VIII. БАРОН ДАЕТ О СЕБЕ ЗНАТЬ

Весь этот рассказ Митьки Жемчугова о происшедшей вчера с ним пьяной истории до того был противоположен настроению, в котором находился Соболев, что он сейчас же решил ни о чем не рассказывать.

— Ну, а теперь говори, отчего ты надул меня — не явился в герберг — и отчего дома не спал ночь? — спросил его Митька.

Соболев, твердо решивший ничего не рассказывать, не успел придумать какое-нибудь другое объяснение и постарался ответить уклончиво:

— Так!.. Я был в одном месте.

— Понимаю!.. — подхватил Жемчугов. — Интрижка, значит!
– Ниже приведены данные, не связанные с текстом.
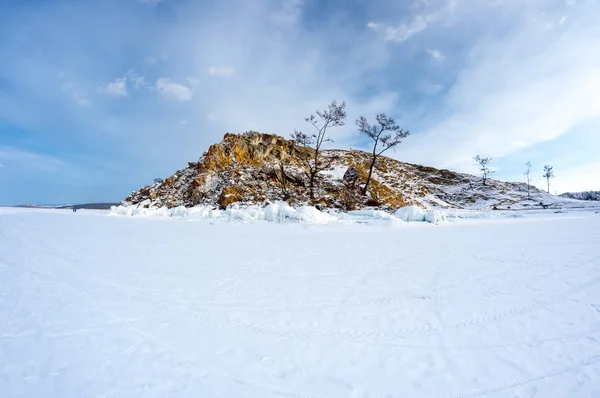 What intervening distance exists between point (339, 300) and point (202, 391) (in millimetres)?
3017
Ну, если ты ради интрижки не явился вчера в герберг, тогда это еще можно простить… А что она? Хорошенькая?..

Иван Иванович на этот вопрос только нахмурился и ничего не ответил.

«Ишь, должно быть, и в самом деле забрало!..» — подумал Митька и решил не настаивать в дальнейших вопросах, а выждать, пока Соболев сам не расскажет. С ним это была самая лучшая манера.
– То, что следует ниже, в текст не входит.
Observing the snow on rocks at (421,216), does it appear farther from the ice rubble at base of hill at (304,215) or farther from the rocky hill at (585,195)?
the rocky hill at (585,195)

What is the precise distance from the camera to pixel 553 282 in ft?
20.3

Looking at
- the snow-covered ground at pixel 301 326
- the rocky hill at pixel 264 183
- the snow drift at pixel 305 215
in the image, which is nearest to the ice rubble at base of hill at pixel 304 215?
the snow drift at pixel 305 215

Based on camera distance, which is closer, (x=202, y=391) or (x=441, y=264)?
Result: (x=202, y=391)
— А не пойти ли все-таки поспать? — заключил Жемчугов, вставая и потягиваясь.

— Да ты разве мало спал? — спросил Соболев. — Ты разве не с вечера вернулся?

— Да нет же, засиделись вчера в этом герберге!..

— Послушай, да как же ты миновал заставу и ночные рогатки на улицах?..

Тут Митька как будто смутился и ответил привычной уже своей отговоркой:

— А почем я знаю? Пьян был… ничего не помню!.. Привезли как-то…

Это было довольно странно, но Соболев, в свою очередь, не расспрашивал, потому что сам только что отделался довольно необстоятельной отговоркой.

— Ну, пойдем спать! — согласился он.

Они оба поднялись, чтобы разойтись по своим комнатам, но в это время бледный и взволнованный Прохор вбежал в комнату и шепотом произнес, весь дрожа:

— К нам «слово и дело»…

В то время этот возглас был особенно страшен, потому что по так называемому «слову и делу» хватали и влекли в Тайную канцелярию всякого, не считаясь с его общественным положением. Достаточно было на улице закричать на кого-нибудь «слово и дело», чтобы подвергнуть его аресту.

Конечно, тех, кто зря кричал «слово и дело», подвергали наказанию, но оно было сравнительно ничтожно и — главное — не могло искупить те неприятности, которые претерпевали арестованные по пустому наговору.

Дело обыкновенно усложнялось, когда по «слову и делу» являлись чин Тайной канцелярии с военной силой к кому-нибудь на дом для обыска.

— Что за вздор! — спокойно сказал Митька. — На кого еще тут «слово и дело»?

В это время Ахметка просунул в дверь свою мохнатую рожу и убежденно спросил:

— Кого нужно резать?

Соболев не мог дать себе еще отчет в том, что случилось, и при виде этого дитяти природы не мог удержаться, чтобы не расхохотаться.

— Что же тут делать?.. Неужели пропадать нам? — захныкал Прохор.

— Как что? — сказал им Жемчугов. — Надо впустить чинов канцелярии!..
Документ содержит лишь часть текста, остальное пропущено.